Before we get there, let’s set the stage. The AG’s complaint contends that Barclays has misled institutional investors, customers of its dark pool, in the process easing the predatory behavior of high-frequency traders there. In short, the AG – Eric T. Schneiderman, believes that Barclays tempted naive fresh meat to swim into the pool, knowing it already had hungry sharks prowling about in there.
Excessive Honesty
The complaint also alleges that a Barclays employee was terminated for being overly honest with the prospective suckers. The senior leadership of the Equities Electronic Trading division told this man not to disclose the results of a particular trading analysis, because the results reflected poorly on the fairness of the pool. The individual nonetheless shared with the Institutional Investor the analysis in question, and was promptly (the next day) fired.
Another employee was then pressured to “change crucial figures in the PowerPoint presentation.” Specifically, the original presentation would have shown that about 75% of all orders routed by Barclays to dark venues were internalized, that is, routed to Barclays’ own dark pool. The AG calls this number “extraordinarily high.” The implication here is that the first employee was fired for refusing to change the number [to 35%,] and the second more compliant employee did change the higher number to the lower.
In early August 2014, Barclays moved to dismiss the complaint, contending that the Martin Act only gives New York the authority to enforce fraud in the purchase or sale of securities, that it does not give any authority for enforcement in the operation or marketing of a trading platform or Alternative Trading System such as that at issue here.
Scope of the Martin Act
The NYAG filed a memo in opposition to that motion, relying upon language in the Martin Act that prohibits fraud designed to “induce or promote” the purchase of sale of securities, and arguing that this is very broad language. The maintenance of an ATS is presumably intended to induce parties to use it, and in some sense presumably promotes the sort of securities exchange for which it is to be used. Barclays supposedly engaged in fraudulent promotion when it “touted the safe and transparent services it offered as both a broker and operator of a trading venue.”
To this, Barclays has replied by arguing more recently, on October 7th, that the NYAG’s interpretation of the Martin Act is absurdly broad, expanding the scope of the act “beyond any meaningful limitation” and conflicting with “Congress’ objective of having the SEC establish uniform, national standards for ATSs.”

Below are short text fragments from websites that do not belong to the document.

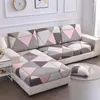 Pokrywa krzesełka Kolor Sofa Pokrywa Elastyczna dekoracja domowa Ochracka Kanapa Slipcover Osobowość pasująca do mycia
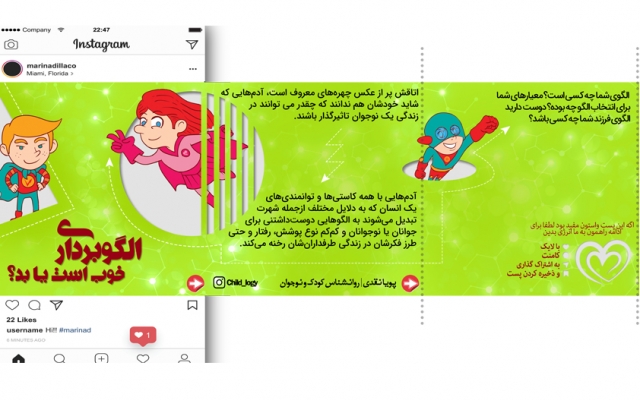 برای پیج اینستاگرامتون قالب و پست طراحی کنم.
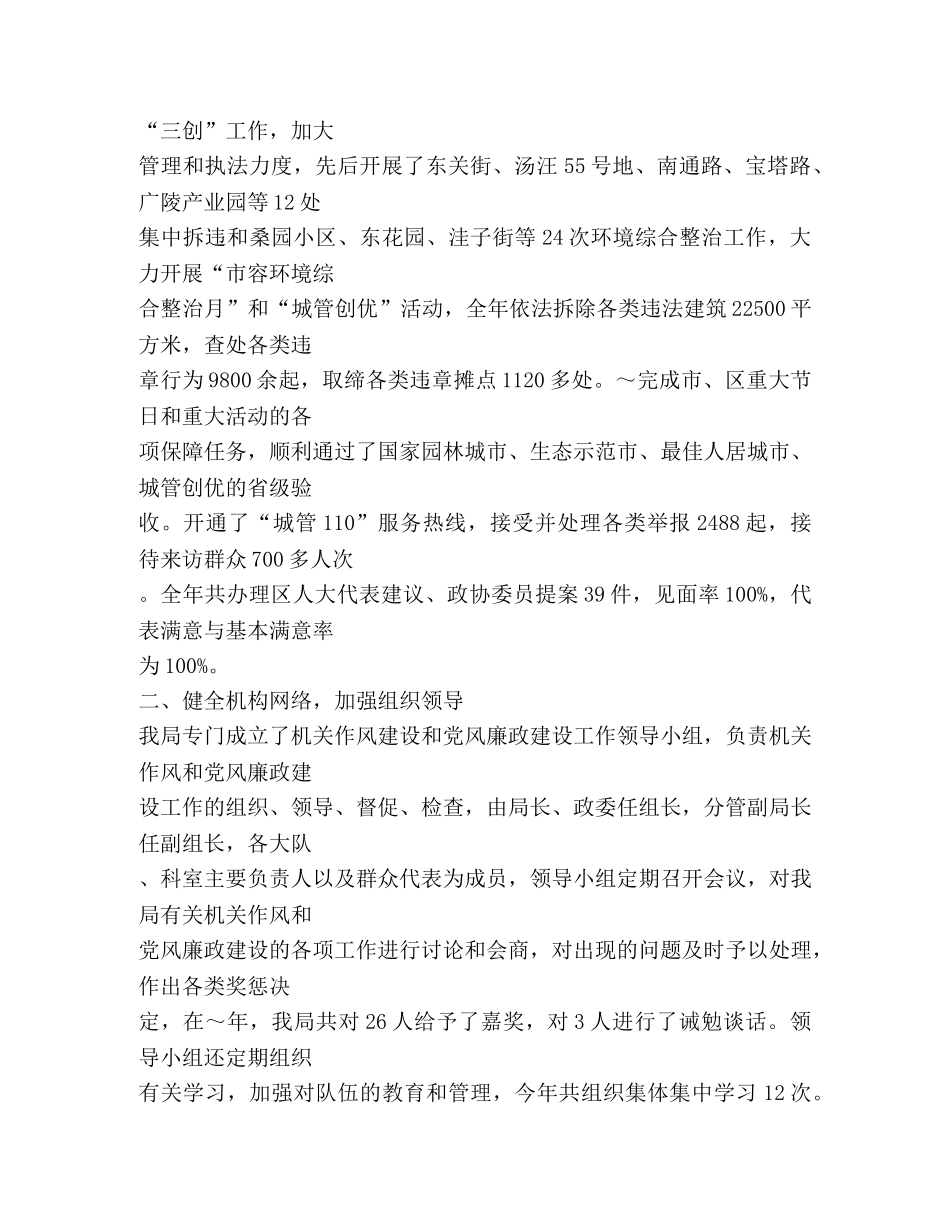 城管执法分局领导班子述职述廉报告(精选多篇) _第2页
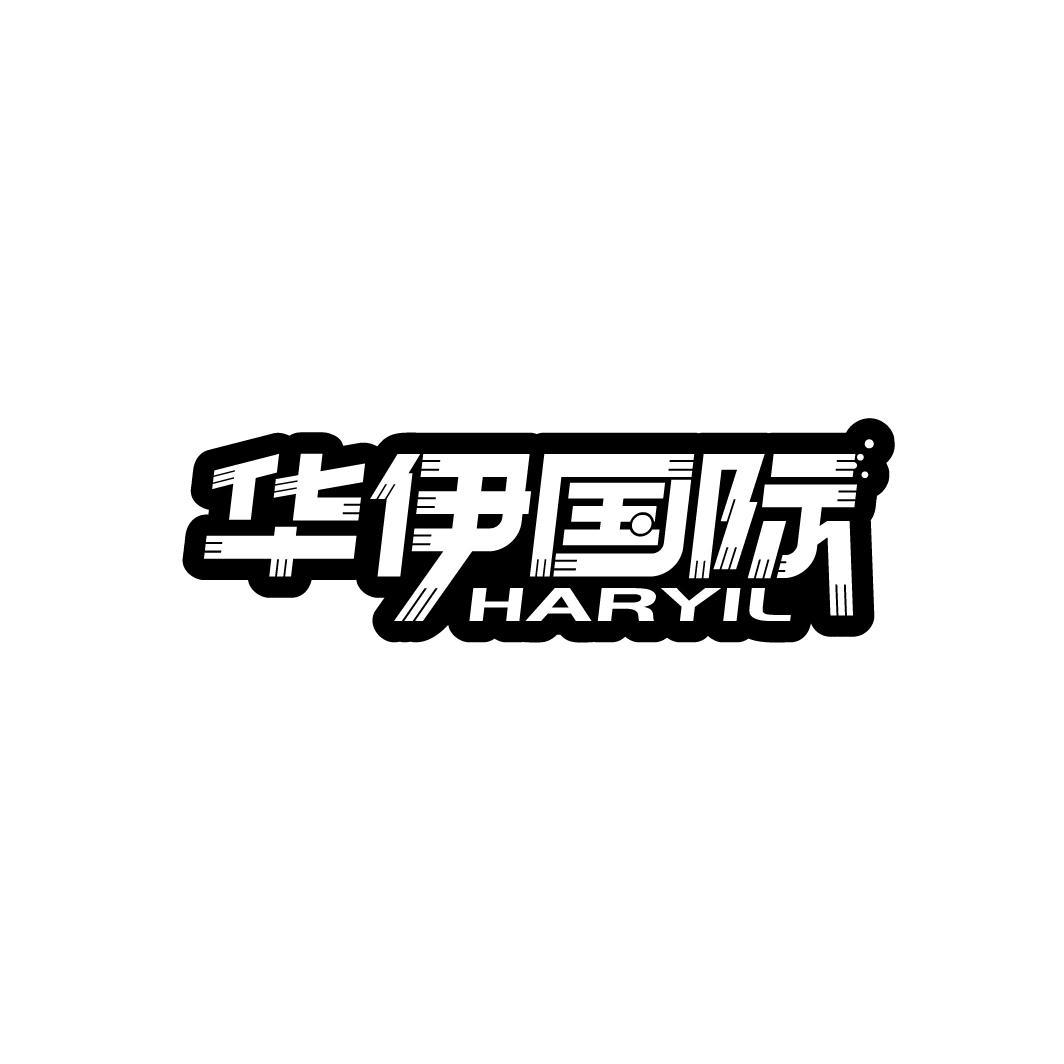 华伊国际 HARYIL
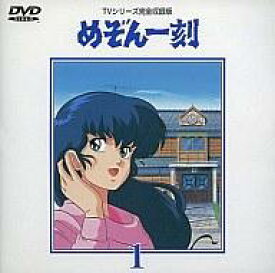 楽天市場 めぞん一刻 響子 声優の通販 楽天市場 めぞん一刻 響子 声優の通販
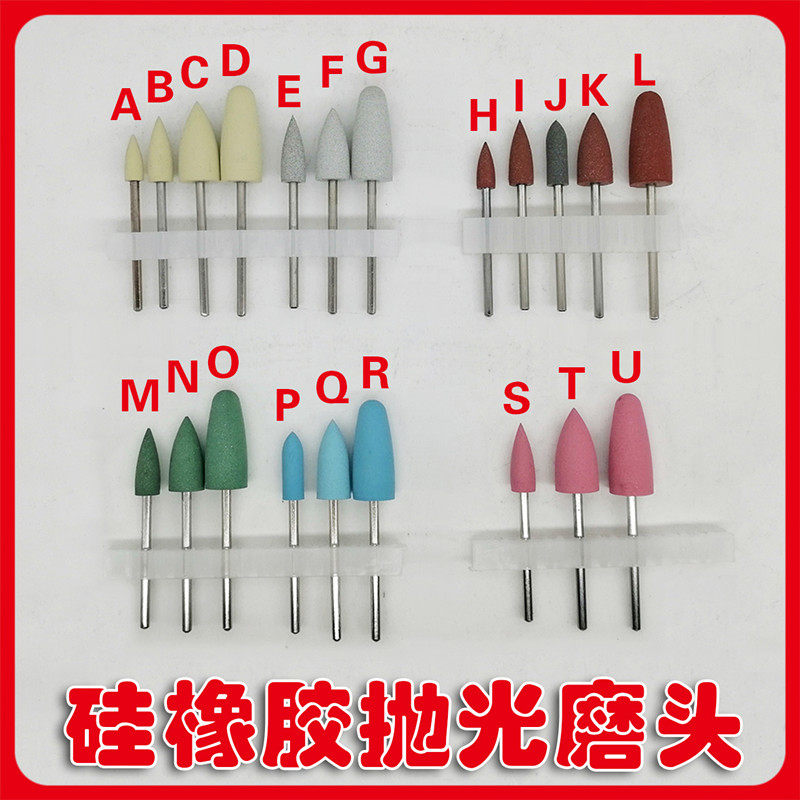 牙科硅橡胶抛光磨头 橡胶磨头 低速手机硅胶磨头 口腔南韩打磨机图片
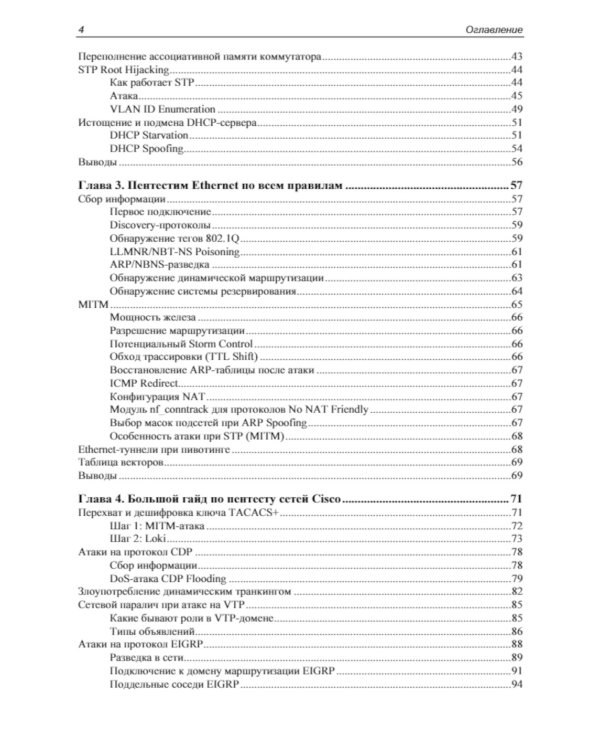 Сети глазами хакера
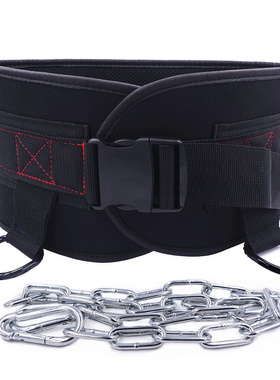 Gym Weight lifting Belt with Chain Weights for Crossfit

It is worth the parties’ while to hash this out in court, exposing the complexity of 21st century federal-state relations, and the always beloved ambiguities of statutory language at both levels. But perhaps the most intriguing revelation in the exchange is a footnote (n. 13, for those who like to keep track of such things) in which Barclays seems to concede that an employee was pressured to change the internalization number. At least, they pointedly don’t argue with that.
Footnote 13 denies that an employee was “fired” for failing to change the number (and it puts the word “fired” in quotes here): the employee was RIFed. That is, he was subjected to a reduction-in-force that had “commenced well in advance of the alleged presentation.”
An ‘Alleged’ Presentation?
The word “alleged” here is grating. If one knows for a fact that something “commenced” prior to a certain event, then one also must know for a fact that such a later event did occur, and on what date it did occur. One doesn’t know that a RIF was instituted prior to hell freezing over because (idioms to the contrary) none of us on earth are aware of the reality or proper chronology of that event. Surely Barclays’ lawyers are conceding that there was some such presentation, and that a relevant employee was RIF-ed in the days leading up to that event or they are saying nothing at all.
So, did the number get changed from 75% to 35% for the presentation or didn’t it? Footnote 13 continues, refusing to address that question because it would matter only to “a single presentation to a single customer of LX…” whereas the Martin Act requires harm to a “substantial segment of the state’s population,” under People v. Grasso (2008).
My own guess – the lawyers involved in the preparation of this brief are aware of their responsibility not to mislead a court, even in the sacred name of advocacy. So they don’t want to deny that the number was changed when it was, in fact, changed. Thus, all the talking-around in this footnote and its environs makes some sense: the careful distinction between a firing and a RIF, the odd use of the word “alleged,” and the argument over how a single presentation can’t do a lot of harm.
All of this sounds like an important concession. Somebody at Barclays changed a number in a presentation to make it appear that Barclays’ internalization rate was respectably low. And did so immediately after another employee, one who had refused to do just that was … well, no longer showing up at the office each day.